[DATA EXCERPTS Boundary: Start]

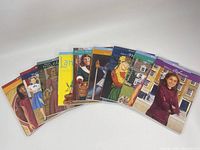 Top down view of all 7 paperback American Girl Doll books fanned out showing covers.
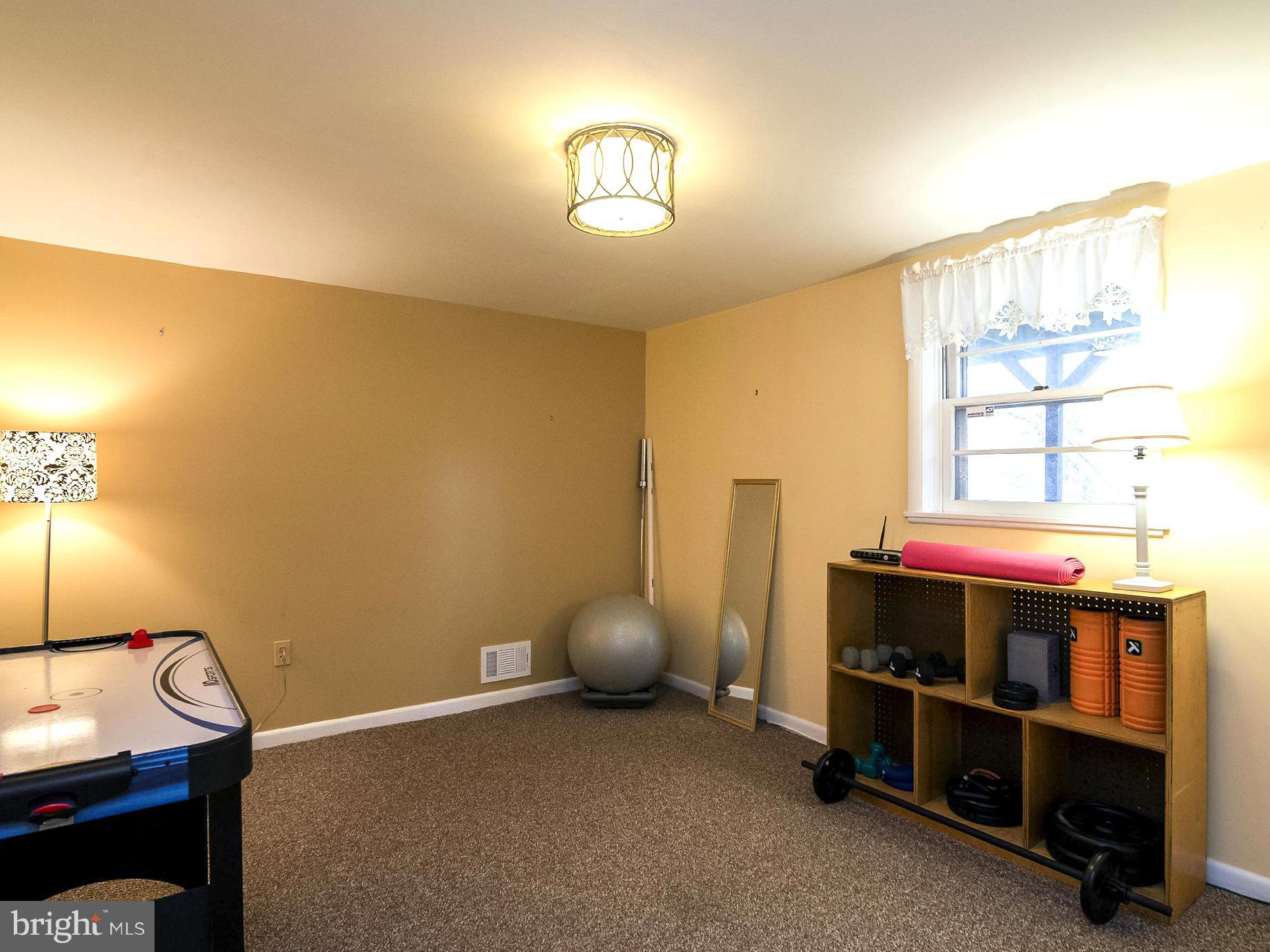 615 Horncrest Road Towson, MD 21204 - Photo 17 of 22 4th Bedroom currently used as exercise/game room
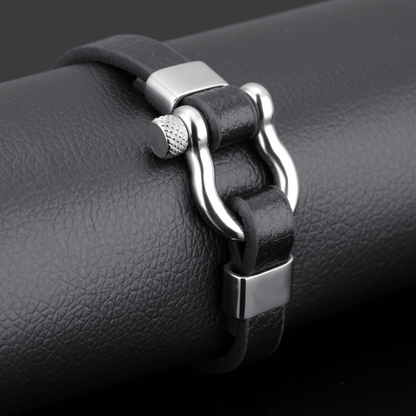 Black leather bracelet with silver clasp on a black surface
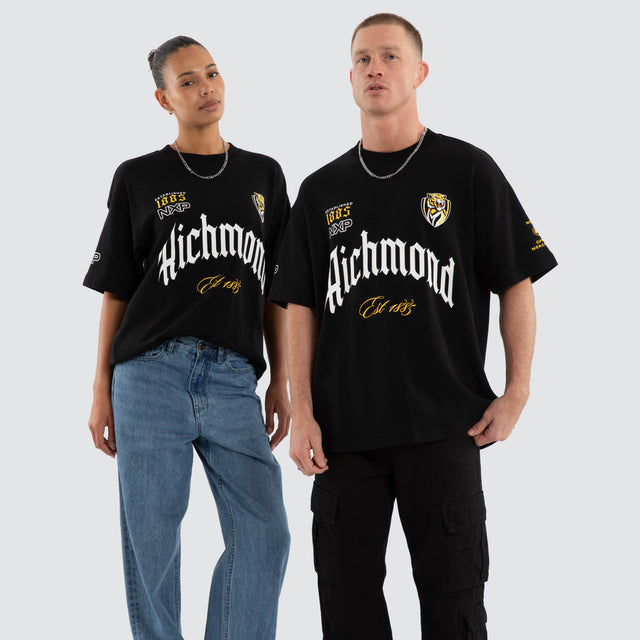 Model wears Richmond Tigers AFL Gold Raptor Tee Jet Black T-Shirts Black – image 1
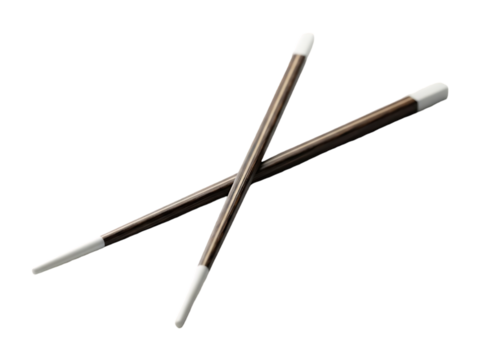 Two crossed magic wands with white tips on black background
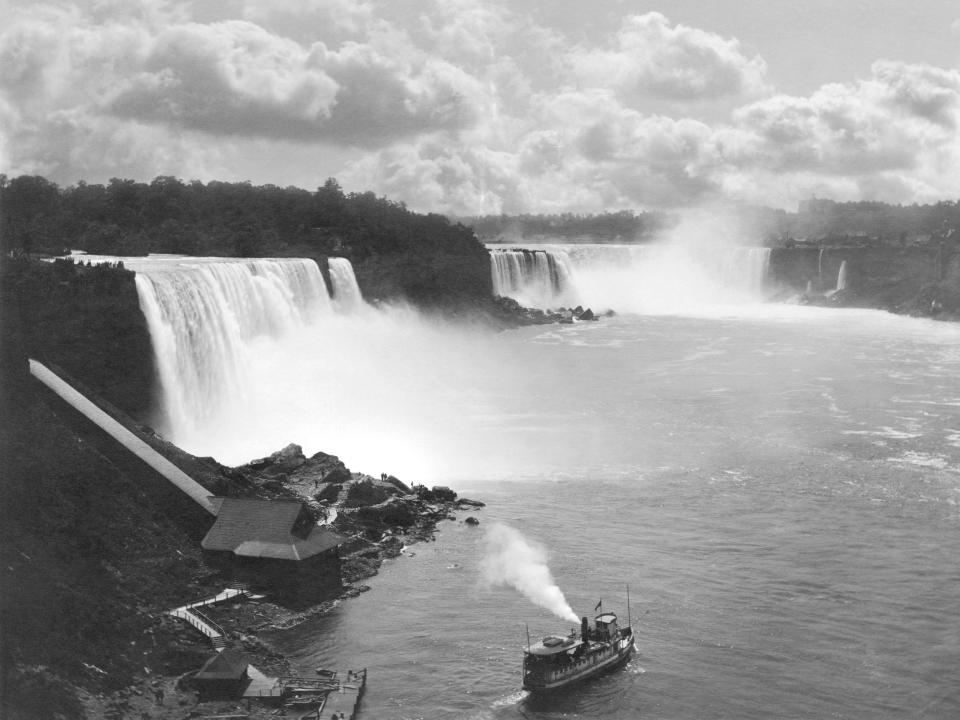 The American Falls and the Bridal Veil Falls are at the left with Horseshoe Falls at the right in 1890. A steamboat is seen in the water below the falls.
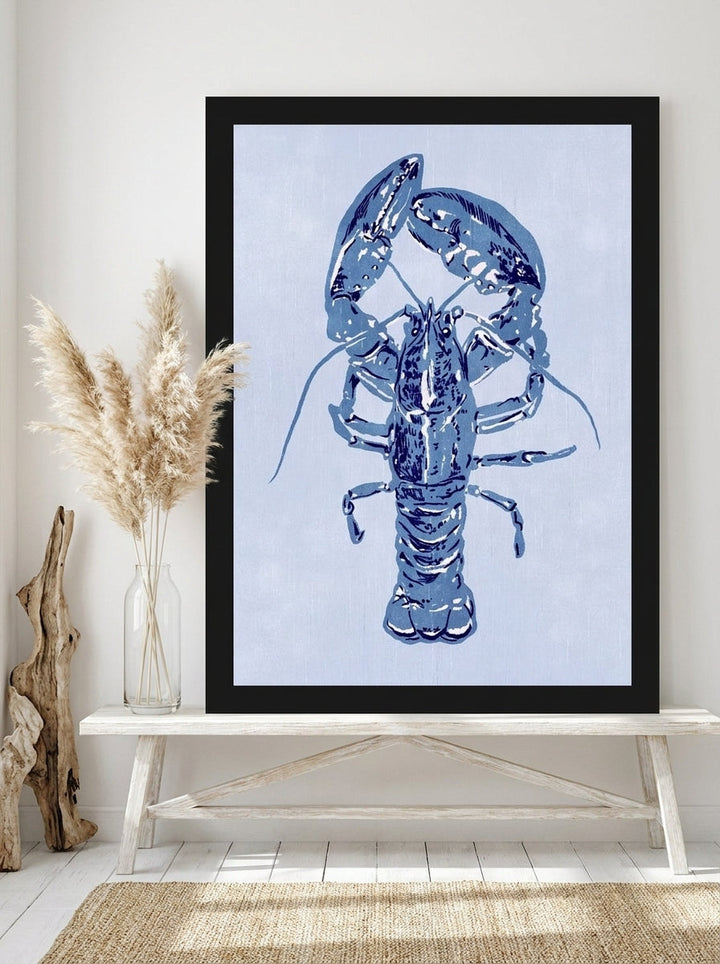 Modern wall art print standing on a console in a coastal living room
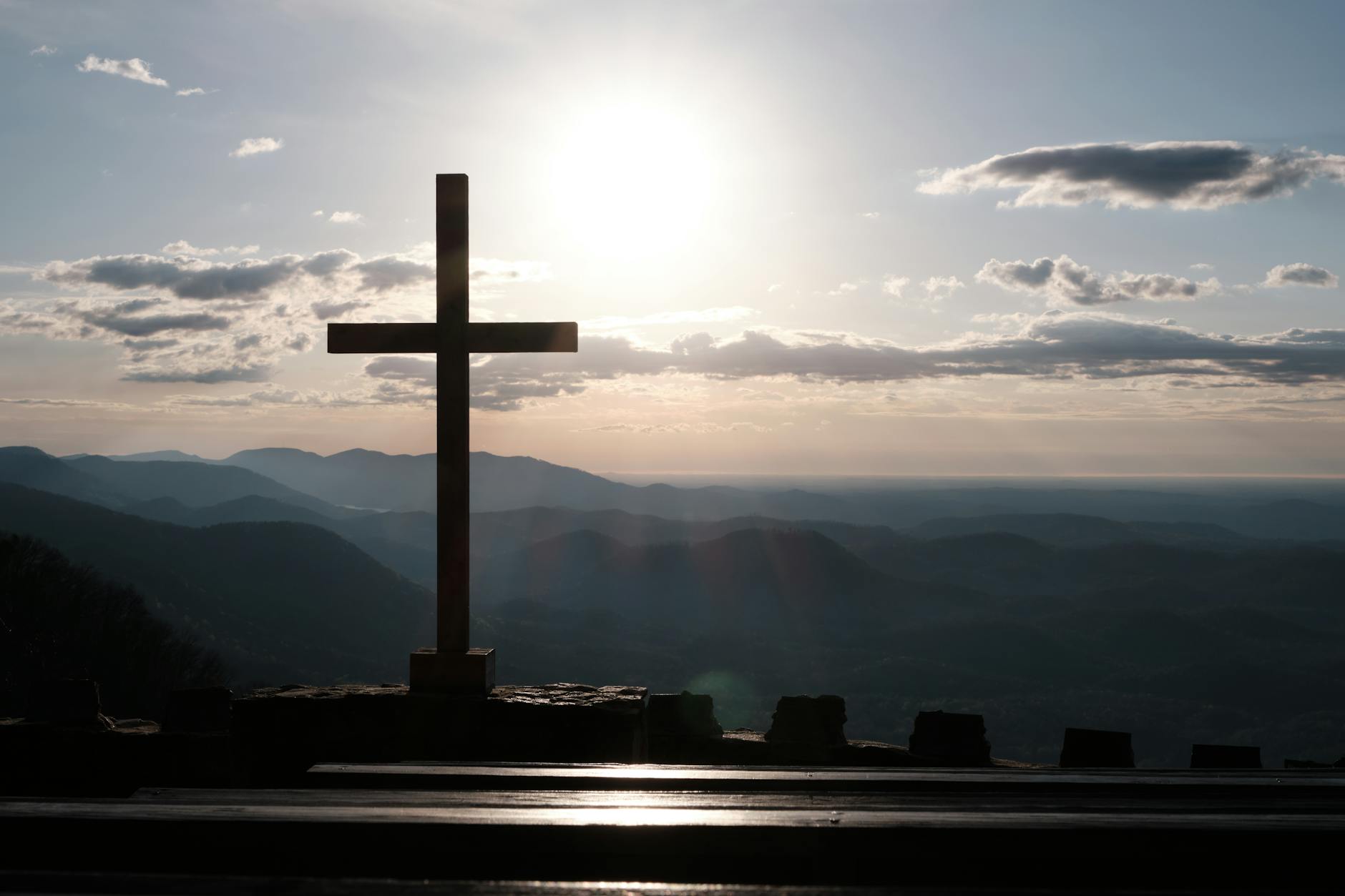 Wooden cross silhouetted against a sunset over mountain ranges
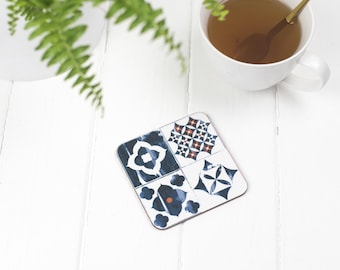 May include: A square blue and white patterned coaster with a red accent. The coaster is made of cork and has a smooth surface.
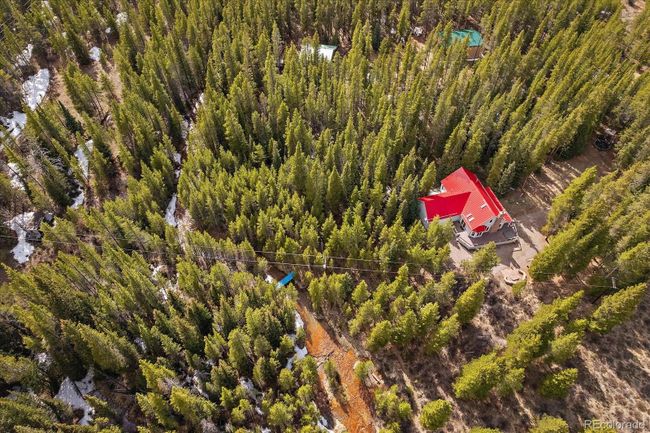 Aerial over home and river | Image 6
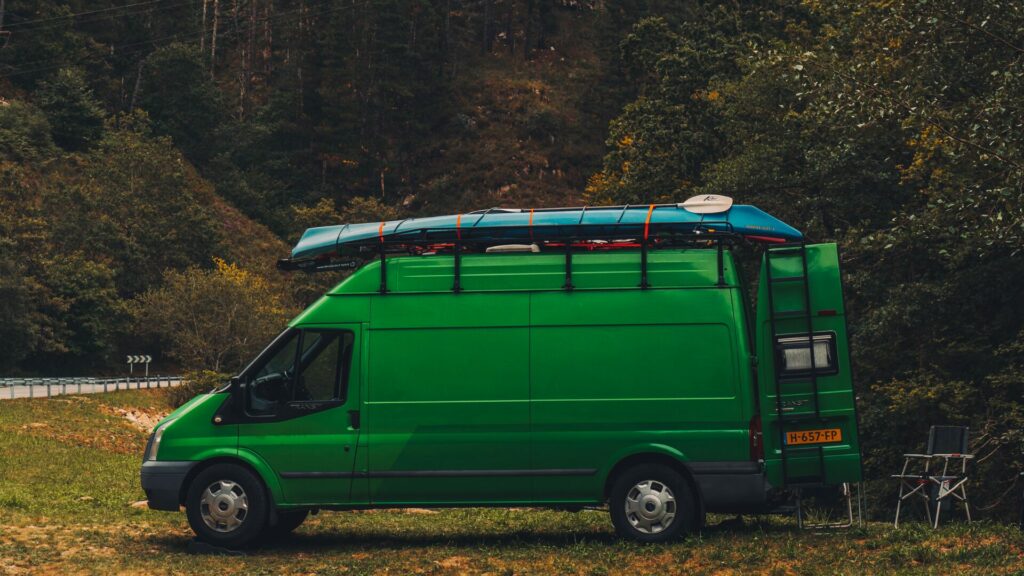 A converted camper van in a vibrant kelly green parked with lawn chairs behind it and water sports vessels attached to the top of it.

[DATA EXCERPTS Boundary: End]

**BRIEF**. A verbatim copy of every entry above, with no pictures, is the expected output.

**RESPONSE FOR THIS EXERCISE**.
 Top down view of all 7 paperback American Girl Doll books fanned out showing covers.
 615 Horncrest Road Towson, MD 21204 - Photo 17 of 22 4th Bedroom currently used as exercise/game room
 Black leather bracelet with silver clasp on a black surface
 Model wears Richmond Tigers AFL Gold Raptor Tee Jet Black T-Shirts Black – image 1
 Two crossed magic wands with white tips on black background
 The American Falls and the Bridal Veil Falls are at the left with Horseshoe Falls at the right in 1890. A steamboat is seen in the water below the falls.
 Modern wall art print standing on a console in a coastal living room
 Wooden cross silhouetted against a sunset over mountain ranges
 May include: A square blue and white patterned coaster with a red accent. The coaster is made of cork and has a smooth surface.
 Aerial over home and river | Image 6
 A converted camper van in a vibrant kelly green parked with lawn chairs behind it and water sports vessels attached to the top of it.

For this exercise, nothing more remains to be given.